BurntSushi / erd

Translates a plain text description of a relational database schema to a graphical entity-relationship diagram.
The Unlicense
1.8k stars 154 forks source link

Problem with non US-ASCII characters #99

Closed johanstrand closed 3 years ago

johanstrand commented 3 years ago

I get the error message hGetContents: invalid argument (invalid byte sequence) When I try a ERD specification with Swedish characters Å, Ä or Ö. I do this using Kroki (https://kroki.io/), but I suspect the issue is with erd since other diagram types, for instance GraphWiz, works. A quick google points to using hSetEncoding to avoid this problem.

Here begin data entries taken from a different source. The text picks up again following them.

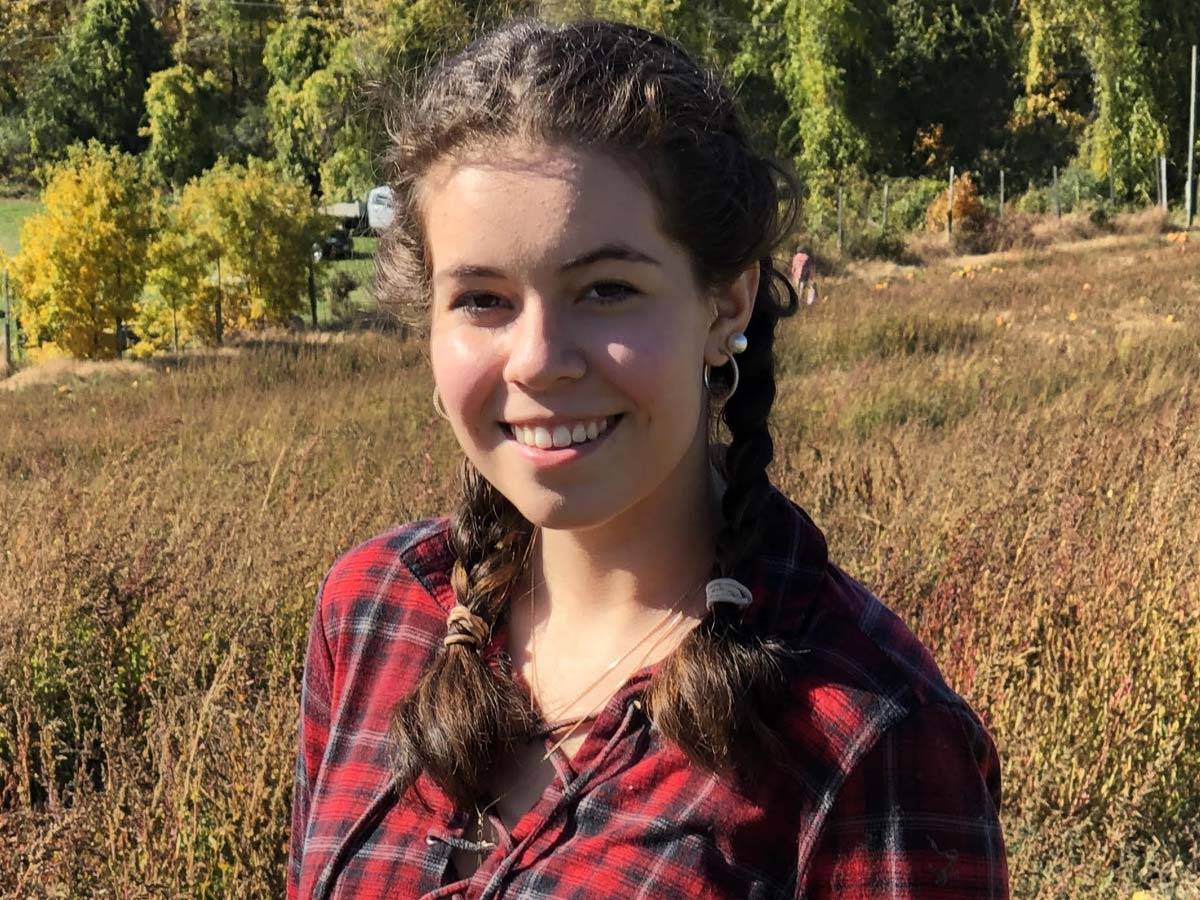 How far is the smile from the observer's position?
1.47 meters

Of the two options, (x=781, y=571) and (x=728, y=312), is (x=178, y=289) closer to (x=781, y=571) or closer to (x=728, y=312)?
(x=728, y=312)

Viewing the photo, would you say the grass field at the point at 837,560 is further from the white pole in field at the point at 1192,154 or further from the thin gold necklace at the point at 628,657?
the white pole in field at the point at 1192,154

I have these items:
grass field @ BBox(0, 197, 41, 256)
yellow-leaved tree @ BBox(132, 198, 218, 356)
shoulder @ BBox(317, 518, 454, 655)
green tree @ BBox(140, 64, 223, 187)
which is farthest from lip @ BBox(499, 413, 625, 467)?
green tree @ BBox(140, 64, 223, 187)

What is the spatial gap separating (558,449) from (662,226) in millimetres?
273

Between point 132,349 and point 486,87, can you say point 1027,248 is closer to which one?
point 132,349

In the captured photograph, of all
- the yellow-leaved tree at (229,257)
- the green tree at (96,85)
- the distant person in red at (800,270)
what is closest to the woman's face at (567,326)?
the distant person in red at (800,270)

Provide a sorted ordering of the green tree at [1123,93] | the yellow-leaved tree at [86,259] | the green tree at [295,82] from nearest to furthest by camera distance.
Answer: the yellow-leaved tree at [86,259], the green tree at [1123,93], the green tree at [295,82]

kukimik commented 3 years ago

I've managed to reproduce the bug by building the dockerfile used by kroki and then passing a file containing non-ASCII characters:

docker run -v ~/file.er:/file.er cb9853b485bc /root/.local/bin/erd -i /file.er
mmzx commented 3 years ago

Creating an image using the above mentioned Dockerfile by @kukimik I was able to reproduce the issue. However, using the following erd file:

[Person]
*nameÄÖ
height
weightÖ_Ξξ
`birth date ÄÖÄÖÄÖÄÖÄÖ`
+birth_place_id

[`Birth Place`]
*id
`birth city`
'birth state'
"birth country"
"lambda:  λ λ λ λ λ λ"

Person *--1 `Birth Place`

which contains additional Unicode characters: lambda and some other Greek ones ( ;) ) results the expected output when erd is freshly compiled from source and executed on the same system where it was compiled.

The container is very helpful to check further whether the recommended way to fix this works.

kukimik commented 3 years ago

https://serokell.io/blog/haskell-with-utf8 is an interesting read.

I may try to fix this, maybe this week.

kukimik commented 3 years ago

Also, I've found that the problem does not come from the build environment. I can reproduce it using erd compiled on my machine using stack. I just need to change the current locale (I'm on Linux and using @mmzx's example file):

$ LANG=C erd -i file.er

erd: file.er: hGetContents: invalid argument (invalid byte sequence)

I've tried the simplest solution using with-utf8 (i.e. main = withUtf8 $ do ...) and it seems to work ok with -i file.er. The output (both written to files and to stdout) looks ok. However the following:

$ LANG=C erd < examples/simple.er 

fails with:

"<stdin>" (line 2, column 6):
unexpected '\65533'
expecting attribute

I was never strong with encodings; I need to understand what is going on here and what is the expected behaviour.

mmzx commented 3 years ago

I've also started looking into it. Right now this place comes to my mind where setting the encoding is used for the very same purpose.

Later tonight I will give it a try.

mmzx commented 3 years ago

So far... I've just tried these experimentally.

When the LANG environment variable gets unset it fails. Indeed, the LANG variable is not set in the above mentioned docker image when using the bash shell.

Perhaps I shall read the article first about with-utf8 package. :)

There is an alternative way as I recall, but that involves the use of Data.Text.IO from text package which itself has an utf8 encoding function...